3) Put down the phone and look them in the eyes.
This one convicts me. So often this multi-tasking busy mom wants to do three things at once.
And while I probably can physically text, make dinner, hold a child and hear about that big accomplishment at gymnastics class, I often ask myself, “How do I feel when someone else is multi-tasking and I really want their attention?” Not good – I feel hurt… and so do our children. We need to look in their eyes.
4) Teach kids to ask for your attention appropriately.
Yes, our kids need our full attention and love, but they do need to understand the difference between being there for them and being at their beck-and-call.

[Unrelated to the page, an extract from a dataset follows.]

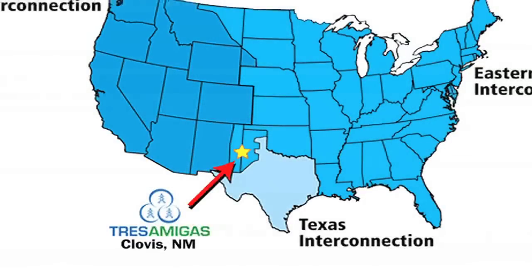Right now they're talking about a three-terminal DC system they're calling Three Amigos in New Mexico, which will be tied to the west, to Texas, and to the east, which are all independent non-synchronous systems. I don't know whether that's going to proceed, but at least they're talking about it.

They need to understand that we are busy as mothers and we do have things that need to be done.
If they need me while I am talking to someone, I ask them to gently place their hand on my arm or on my leg to signal that they need me. I respond by placing my hand on their hand to let them know I’ll be right there. Then, when I can finish my thought, I stop what I’m doing, look in their eyes and answer their request.
5) Soften your heart to the request.
There are many moments where I need to give myself a pep talk. Am I trying to do it all? Can that text wait? Can I look up that information later? The answer usually is yes, it can wait and that my job as a mother, teacher, nurturer is far more important.

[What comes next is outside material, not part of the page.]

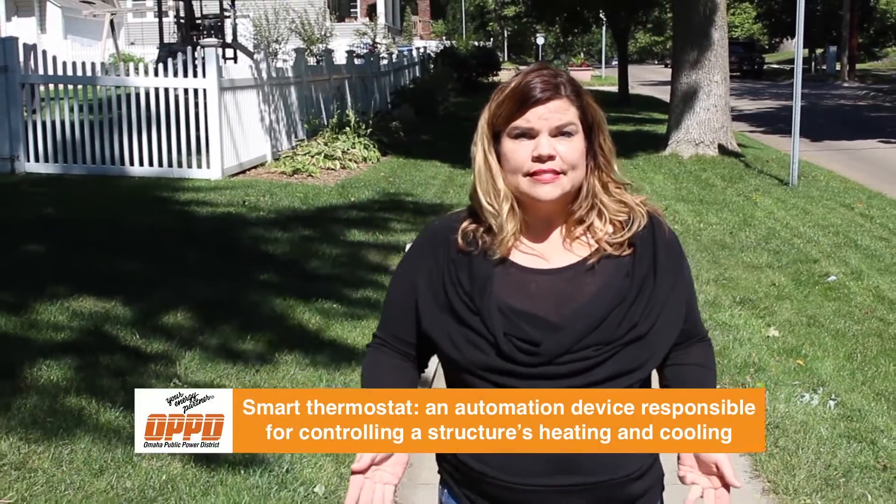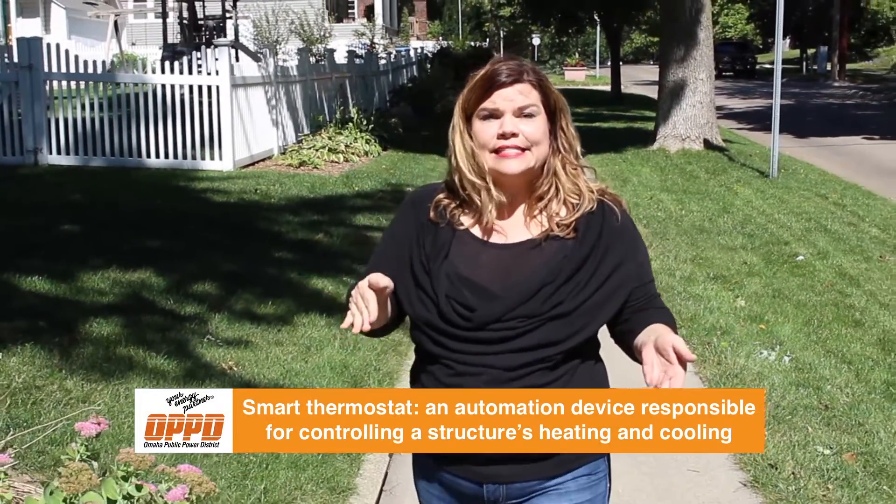It seems like everything around us is getting smarter these days — smart cars, smart TVs, smart phones, and yes, even smart thermostats. Sales of smart thermostats are expected to increase 18% by 2022. With all the choices out there, it can be hard to navigate. How do you know if one's right for you, and if the energy savings will be worth it?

I often think of these requests as dividends into the child’s “soul/worth” bank account. If I tell myself, “I have the incredible opportunity to add to their bank account right now!”

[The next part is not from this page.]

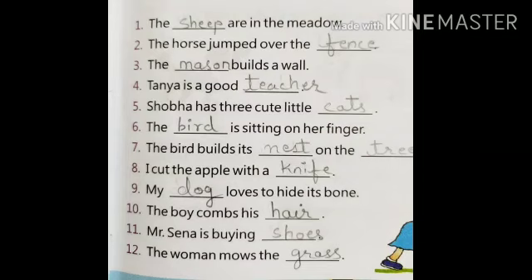The first answer is: the sheep are in the meadow. Second: the horse jumped over the fence. Third: the mason builds a wall. Fourth: Tanya is a good teacher. Fifth: Shobha has three cute little cats. Sixth: the bird is sitting on her finger.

6) It only takes a few minutes.
These little requests for time often take (at the most) five minutes… and that focused attention on my child can pay in spades for the rest of our day in terms of overall behavior. For example, one thing I’ve noticed is that we all have an easier day when I can take the time to first give my focused attention to my preschooler before I work with the older kids.
7) Pay attention to the cues.
What are they really asking for? What is the real need that they’re trying to fulfill? And how can I best meet that need for them? Sometimes I’ve found that it’s not doing that thing they’re asking me to do. Sometimes I can see that I can best meet that need in another way. As I watch my kids get older, I realize the immeasurably great factor of relationship.
As my boys are starting to flex their independence muscles, I know that they crave my listening ear and time more than ever. And if I want to keep that door open, I need to constantly respond with open arms to their cues that they need me and are wanting to feel loved. I think the biggest trick in parenting is finding out what those cues are for each of our kids, and staying on top of those cues as our children mature through different stages.
There are helpful resources like The 5 Love Languages of Children and others that give us hints into how our kids are wired and how they may be asking to be loved. Here are some of my favorites that I recommend:
However, I think time is the best teacher—time spent together, getting to know each other in every season of life. And speaking of time…
8) Regularly create open pockets of time in your schedule.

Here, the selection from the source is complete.